The cut trees are hauled to the Marsh Harbour area where they are processed to fill orders for flooring, ceiling panels and crown molding intended for Nassau. A state of the art computerized sawmill slices the logs into flooring planks.
Another machine produces the crown moldings and quarter-round moldings made of scrap pieces.
The wood is planed by another sophisticated machine and further processed into tongue and groove boards with a width of four, five or six inches and in lengths starting at two and a half feet up to ten feet.
Before this final step, the sliced wood is dehydrated through a combination of air conditioning and heat. AC units and kilns are used for this process.
Flooring is sold by square feet with the lowest quality sections going for $3.00 per square foot.
Owner of Lindar Industries, Robert Roman, came to Abaco on January 16 for one of his regular visits to the island. Although based in Nassau, he supervises the Abaco operation and is aided by the field manager, Jeff Bonnet. Mr. Bonnet oversees the daily operations and the proper maintenance of the equipment.
Meeting with Mr. Roman on the site, this reporter saw the crew busy feeding logs into the sawmill. Among the pine trees there was also a huge Genip tree that Mr. Roman rescued and shipped to Marsh Harbour to use it in a productive way rather than have it rot away.
Mr. Roman explained that the logging in Treasure Cay was to resume momentarily, and later on in Spring City. Logging in Buckaroon Bay will follow, probably in February.
“I want to get everything set-up, organized and working properly. The first priority is to fill the order for Nassau.” he said.
Asked about the challenges facing such an operation, he explained that because Abaco Pine is a high end product, its marketing is more difficult. Abaco Pine (Pinus Caribaea Bahamensis) is a wood as hard as Maple. Its high resin content, which causes it to be resistant to termites, makes it a prime wood for indoors projects, such as flooring and cabinet making.

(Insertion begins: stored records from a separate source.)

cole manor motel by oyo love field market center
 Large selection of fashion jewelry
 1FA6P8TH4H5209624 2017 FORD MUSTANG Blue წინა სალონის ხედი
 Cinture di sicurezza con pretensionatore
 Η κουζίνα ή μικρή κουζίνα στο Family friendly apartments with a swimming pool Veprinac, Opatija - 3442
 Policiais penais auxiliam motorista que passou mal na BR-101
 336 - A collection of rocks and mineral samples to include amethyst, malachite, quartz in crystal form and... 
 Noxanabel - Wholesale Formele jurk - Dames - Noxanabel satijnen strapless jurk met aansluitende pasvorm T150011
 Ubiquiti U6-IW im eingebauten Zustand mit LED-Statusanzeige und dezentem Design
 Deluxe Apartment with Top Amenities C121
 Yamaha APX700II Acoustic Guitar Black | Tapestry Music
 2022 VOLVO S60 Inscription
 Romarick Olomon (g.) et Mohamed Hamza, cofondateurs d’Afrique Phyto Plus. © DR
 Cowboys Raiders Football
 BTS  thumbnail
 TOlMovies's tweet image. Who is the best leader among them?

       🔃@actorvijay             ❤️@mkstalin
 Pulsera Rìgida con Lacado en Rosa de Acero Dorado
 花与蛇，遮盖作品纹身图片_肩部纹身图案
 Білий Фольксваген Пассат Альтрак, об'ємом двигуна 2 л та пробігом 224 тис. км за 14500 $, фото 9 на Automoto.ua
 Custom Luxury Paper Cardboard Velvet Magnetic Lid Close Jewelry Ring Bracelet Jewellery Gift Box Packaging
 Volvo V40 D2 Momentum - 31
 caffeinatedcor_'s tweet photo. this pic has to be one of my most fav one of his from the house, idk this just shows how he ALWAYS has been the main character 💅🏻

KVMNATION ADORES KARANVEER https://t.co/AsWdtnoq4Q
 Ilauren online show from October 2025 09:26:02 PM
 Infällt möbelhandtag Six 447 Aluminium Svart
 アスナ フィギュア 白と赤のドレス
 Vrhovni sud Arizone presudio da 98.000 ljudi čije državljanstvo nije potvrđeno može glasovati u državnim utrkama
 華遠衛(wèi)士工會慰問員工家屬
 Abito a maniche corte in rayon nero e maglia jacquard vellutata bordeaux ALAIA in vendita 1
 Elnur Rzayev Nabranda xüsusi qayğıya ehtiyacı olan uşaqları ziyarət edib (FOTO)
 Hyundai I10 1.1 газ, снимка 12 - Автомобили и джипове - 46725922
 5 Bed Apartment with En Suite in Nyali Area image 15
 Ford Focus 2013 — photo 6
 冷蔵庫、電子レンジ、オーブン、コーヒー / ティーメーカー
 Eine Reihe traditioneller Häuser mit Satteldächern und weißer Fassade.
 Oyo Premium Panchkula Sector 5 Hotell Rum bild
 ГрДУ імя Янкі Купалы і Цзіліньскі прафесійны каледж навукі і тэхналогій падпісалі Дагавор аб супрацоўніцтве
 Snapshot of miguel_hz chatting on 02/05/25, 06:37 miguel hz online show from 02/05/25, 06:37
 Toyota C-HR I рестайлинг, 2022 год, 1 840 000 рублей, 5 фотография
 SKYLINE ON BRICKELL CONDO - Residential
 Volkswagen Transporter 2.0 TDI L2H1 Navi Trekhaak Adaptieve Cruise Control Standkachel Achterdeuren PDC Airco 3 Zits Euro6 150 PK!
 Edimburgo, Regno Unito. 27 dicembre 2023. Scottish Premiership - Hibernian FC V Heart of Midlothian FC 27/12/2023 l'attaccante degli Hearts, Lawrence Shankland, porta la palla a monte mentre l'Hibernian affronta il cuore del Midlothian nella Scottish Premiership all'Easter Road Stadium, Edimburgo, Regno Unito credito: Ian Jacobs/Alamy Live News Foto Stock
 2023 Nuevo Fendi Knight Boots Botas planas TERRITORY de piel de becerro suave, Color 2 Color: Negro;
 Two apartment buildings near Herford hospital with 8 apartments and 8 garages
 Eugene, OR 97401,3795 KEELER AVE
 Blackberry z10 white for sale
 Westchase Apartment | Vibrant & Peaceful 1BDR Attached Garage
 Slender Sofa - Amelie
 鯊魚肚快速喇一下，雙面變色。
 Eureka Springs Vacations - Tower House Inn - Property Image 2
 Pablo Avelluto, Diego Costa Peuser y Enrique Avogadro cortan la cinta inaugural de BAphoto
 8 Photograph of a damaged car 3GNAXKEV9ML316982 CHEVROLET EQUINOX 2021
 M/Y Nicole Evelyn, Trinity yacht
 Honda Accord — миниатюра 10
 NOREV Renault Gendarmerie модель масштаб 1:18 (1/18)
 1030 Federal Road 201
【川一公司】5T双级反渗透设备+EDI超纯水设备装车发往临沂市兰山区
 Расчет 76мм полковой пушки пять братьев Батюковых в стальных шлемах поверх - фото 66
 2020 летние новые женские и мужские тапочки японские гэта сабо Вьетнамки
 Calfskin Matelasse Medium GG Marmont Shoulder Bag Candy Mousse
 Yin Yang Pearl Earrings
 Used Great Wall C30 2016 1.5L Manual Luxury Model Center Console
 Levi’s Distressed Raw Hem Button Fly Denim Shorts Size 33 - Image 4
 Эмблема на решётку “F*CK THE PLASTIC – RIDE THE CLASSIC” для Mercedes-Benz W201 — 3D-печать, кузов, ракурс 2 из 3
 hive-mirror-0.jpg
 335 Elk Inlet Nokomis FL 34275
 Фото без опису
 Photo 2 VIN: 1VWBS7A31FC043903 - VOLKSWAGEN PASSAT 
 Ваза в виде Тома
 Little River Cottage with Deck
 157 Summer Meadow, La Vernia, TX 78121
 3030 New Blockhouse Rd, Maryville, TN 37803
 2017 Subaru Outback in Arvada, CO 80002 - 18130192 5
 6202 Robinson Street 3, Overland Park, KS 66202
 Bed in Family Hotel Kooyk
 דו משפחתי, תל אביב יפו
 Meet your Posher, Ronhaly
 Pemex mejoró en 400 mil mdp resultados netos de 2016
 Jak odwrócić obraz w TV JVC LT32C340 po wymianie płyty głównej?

“The first hurdle to overcome is the acceptance of the local market,” he explained.
“Internationally, it is more tricky. Because it is a new product, people have to become familiar with it. Also the FDA requirement concerning wood import to the United States have to be respected. A certification from the Department of Forestry is needed, attesting that the wood has been heat treated at 140 F.
The owner has confidence in this endeavor. He thinks the quality and the uniqueness of the product will allow him to make a success of an operation which had previously suffered a few setbacks in 2010.